In the line of fire | 5 years ago | October 5, 2001 | Dan Kennedy considered the role of the media in the war against terrorism.
“As the country lurches into a frightening and uncertain war against terrorism, the news media find themselves in an extraordinarily difficult position: wedged between a White House that would prefer to wage war in secret and a public that loathes the press.
“President Bush, in his address to Congress, made it clear that the coming military campaign — which may have already begun — will depend heavily on covert operations whose existence will remain hidden ‘even in success.’ At his side are Vice-President Dick Cheney and Secretary of State Colin Powell, two of the principal architects of military censorship during the 1991 Gulf War. And the public, which has conferred upon Bush a 90 percent approval rating in the aftermath of the September 11 attacks, can invariably be counted on to support the military against the media when it comes to what journalists still plaintively call ‘the public’s right to know.’ Witness last Friday’s report in USA Today that American and British special-operations units were already in Afghanistan — a report that some disparaged as irresponsible even though the news had already been carried in the Pakistani Press. . . .
“Right now, when the country is understandably frightened, it’s all too easy to say that the government and the military should be able to wage war the way they see fit, free from a meddlesome media. But the media are the public’s representatives, and their role in ferreting out the truth is absolutely crucial in a time of crisis. The media are the guardians of a public trust, guaranteed by the First Amendment.”
Don't be ashamed| 10 years ago | October 4, 1996 | Amanda Bichsel talked to the owner of a new porn shop in the South End.
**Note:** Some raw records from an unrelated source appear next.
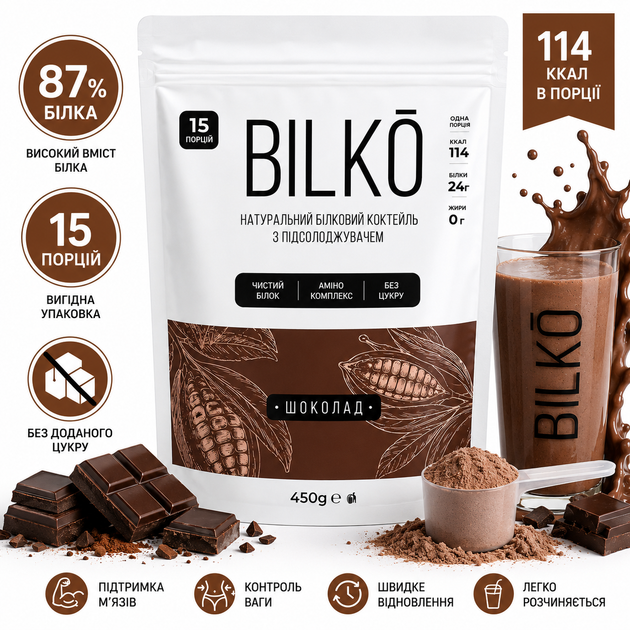 Протеиновый коктейль Bilko Шоколад 450 г | Сывороточный белок для спорта и контроля веса - Фото 2 Протеиновый коктейль Bilko Шоколад 450 г | Сывороточный белок для спорта и контроля веса - изображение 2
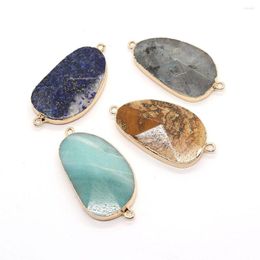 Pendant Necklaces Natural Glitter Stone Gem Pendants Irregular Facet 2 Hole Connector Charms For DIY Jewellery Necklace Picture Accessories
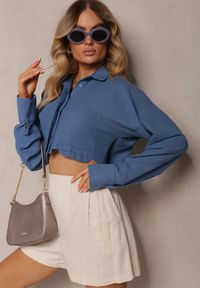 Renee - Granatowa Casualowa Krótka Koszula Zapinana na Guziki Tiamavona. Okazja: na co dzień. Kolor: niebieski. Długość: krótkie. Styl: casual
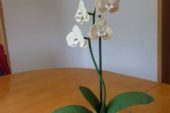 Örgü orkide çiçek modeli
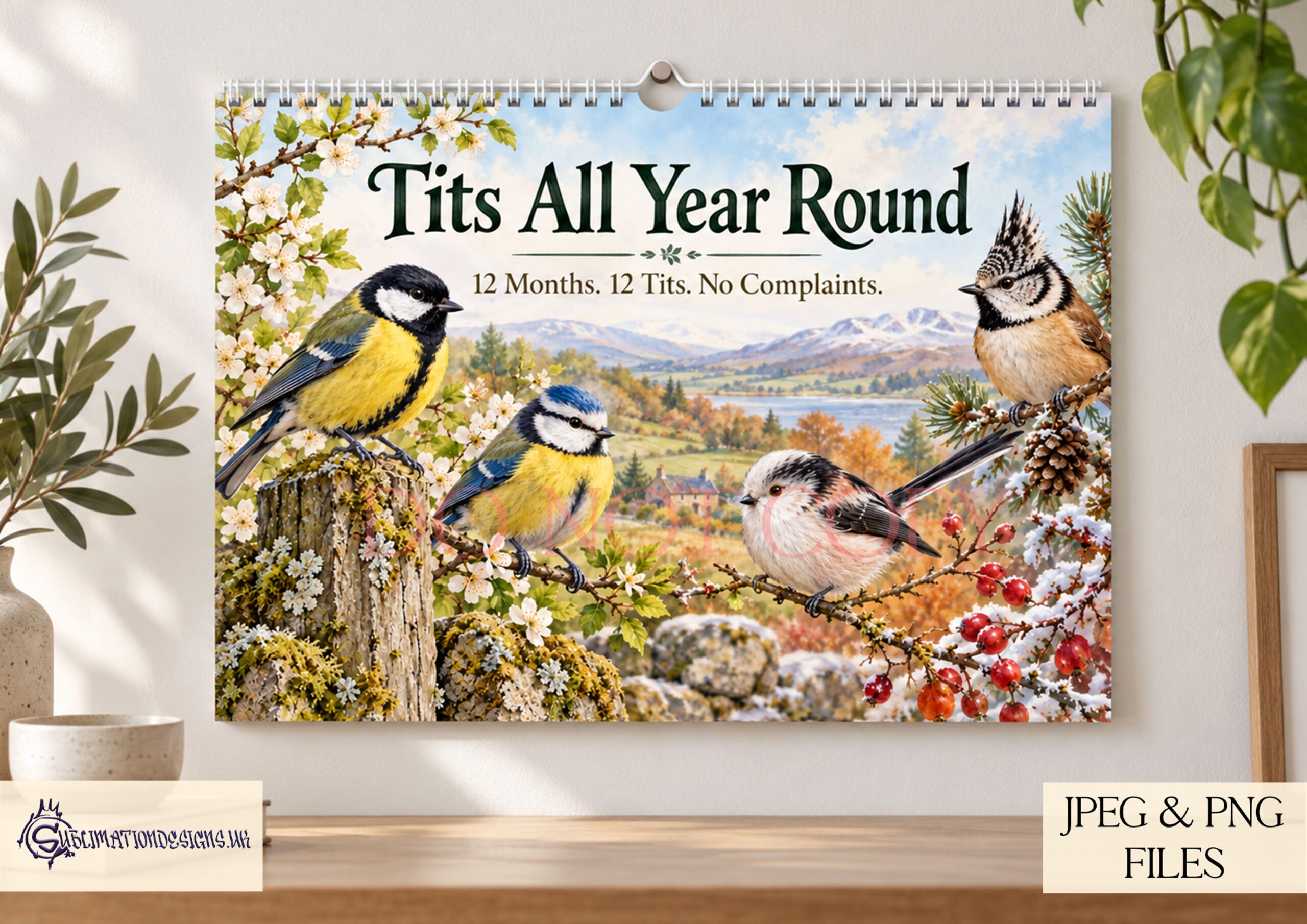 Tits All Year Round comedy calendar designs featuring tit birds in natural settings with monthly and textless A4 landscape versions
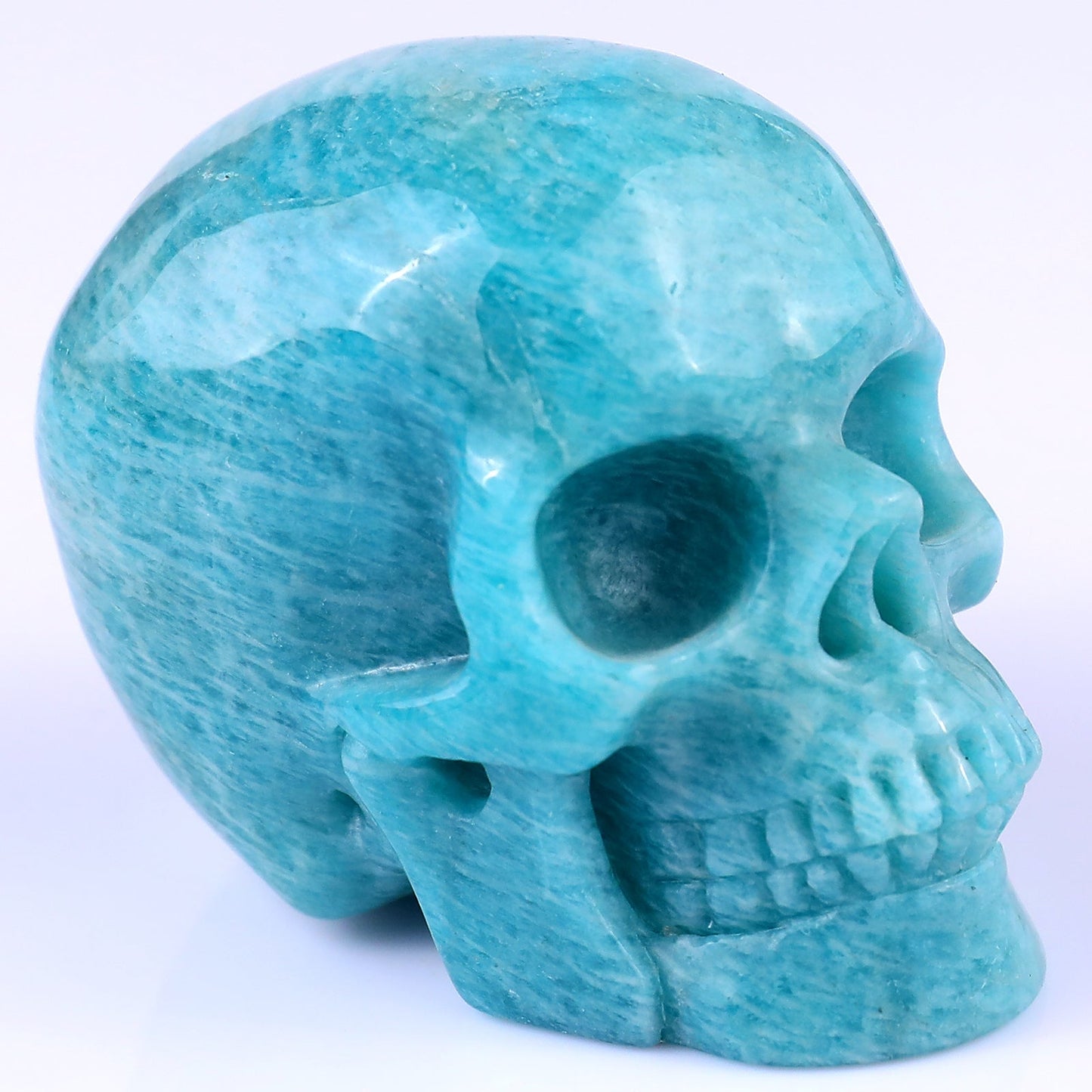 Nicedony 3.0" Amazonite Hand Carved Crystal Realistic Skull Sculpture - View 8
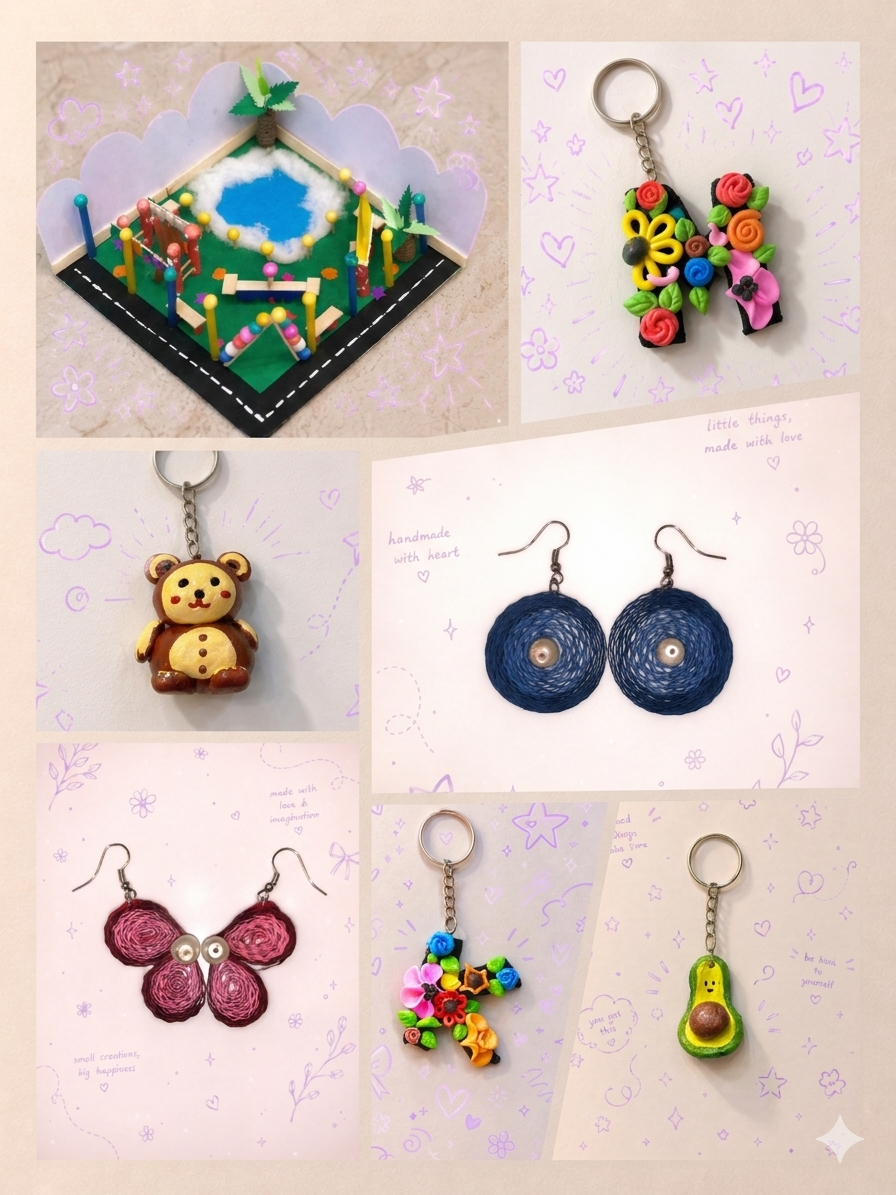 A collage of handmade Ruhkaar keychains, quilled earrings and paper decor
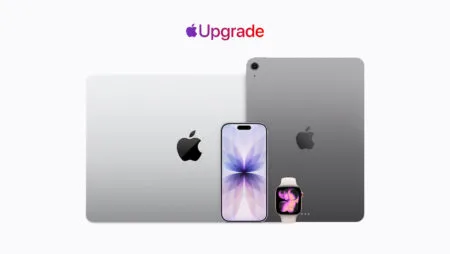 Apple Upgrade logo above a silver MacBook, iPhone 17 with purple floral wallpaper, space gray iPad, and Apple Watch with a pink and purple watch face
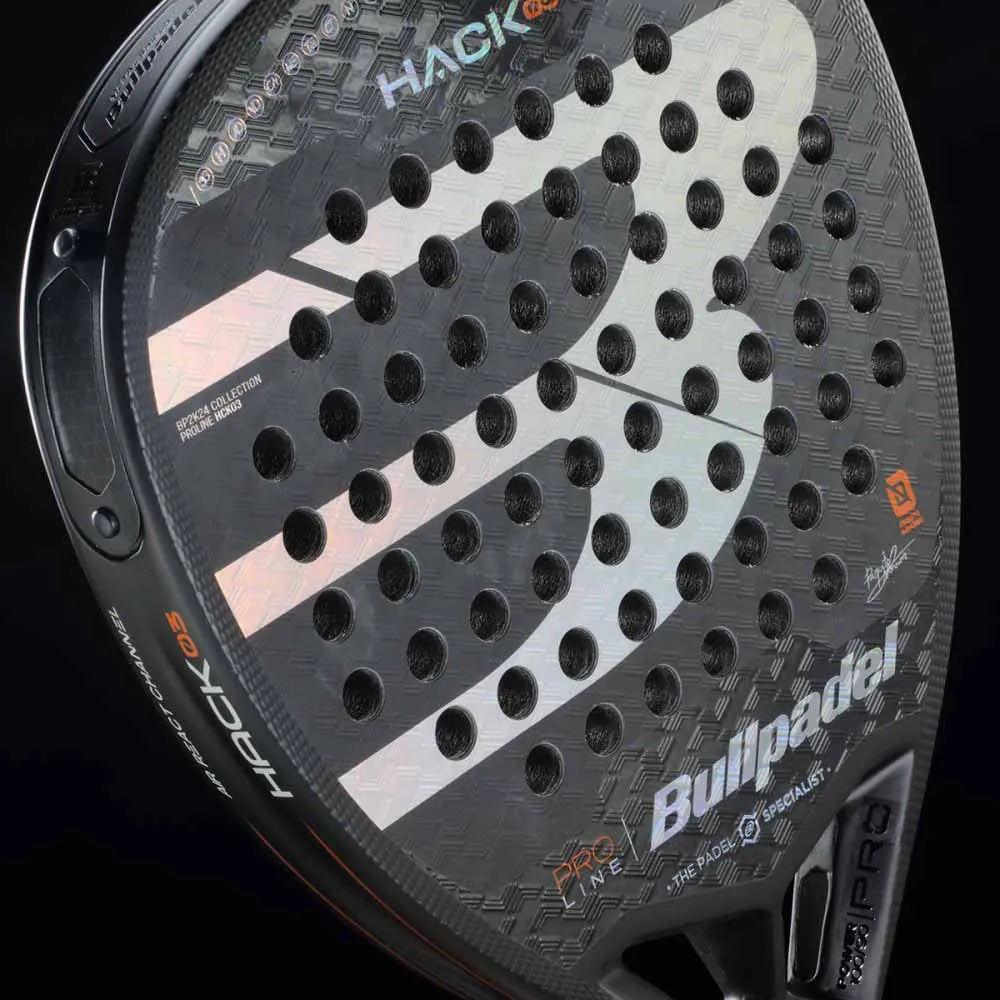 Bullpadel Hack 03 12K Carbon Fibre Padel Racket - Black / Orange / Silver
“Blindfolds are perhaps the least naughty thing you will find at Eros Boutique on Tremont Street, in the heart of the South End. Sheila Rae, the young owner, opened the store seven months ago when she realized that there was no place in Boston where she could buy a vibrator without feeling sleazy or embarrassed. She felt that most of the porn shops downtown — in addition to being in unsafe areas — were simply too ‘hardcore,’ and frequented mostly by those who ‘already know what they’re doing.’
“That’s why Rae’s big on directions. The people she’s really hoping to attract to Eros are the neophytes, the people who would never venture downtown for sex toys — mainly because they have no idea how to use a double-dong harness and, yes, are afraid to ask. At Eros, you can ask, and Rae will tell you, much as she would tell a tourist how to get from Copley to Kenmore. If she doesn’t know, she’ll find out (or she’ll give you a battery and tell you to go sit in a corner and fiddle around, and see what happens).”